Une étude révèle comment identifier et éviter les risques liés aux interventions thérapeutiques mitochondriales :

Recherche menée au : Centre national d’investigation cardiovasculaire : (CNIC) a démontré que le mélange d’ADN mitochondriaux (ADNmt) d’origines différentes peut avoir des effets néfastes à moyen et long terme. L’ADNmt est un composant du matériel génétique qui est transmis exclusivement des mères à leurs enfants.
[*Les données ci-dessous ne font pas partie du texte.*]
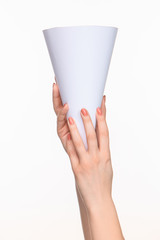 The cone in female hands on white background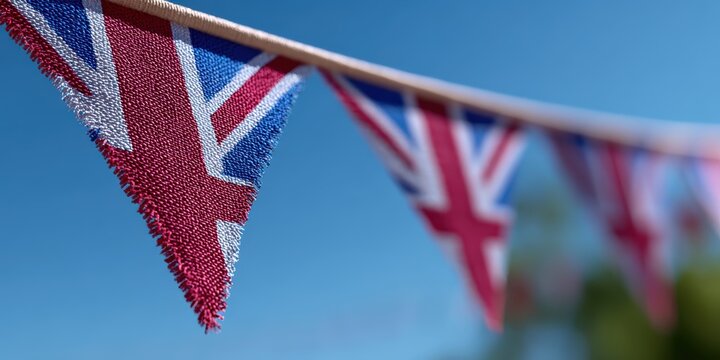 patriotic website banner, a vivid shot of hand-stitched union jack bunting against a clear blue sky, with the closest flag in sharp focus, perfect for a website header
L’étude, publiée dans : Circulation:, fournit des informations inestimables sur la manière d’identifier et d’éviter les risques éventuels associés aux interventions thérapeutiques mitochondriales. La plus populaire de ces méthodes comprend l’injection de mitochondries d’un ovule de donneur dans l’ovule d’une femme ayant des problèmes de fertilité et la thérapie de remplacement mitochondrial visant à prévenir la transmission de mutations pathogènes aux descendants, communément appelées “enfants à trois parents”. . La thérapie de remplacement mitochondrial a déjà été approuvée au Royaume-Uni.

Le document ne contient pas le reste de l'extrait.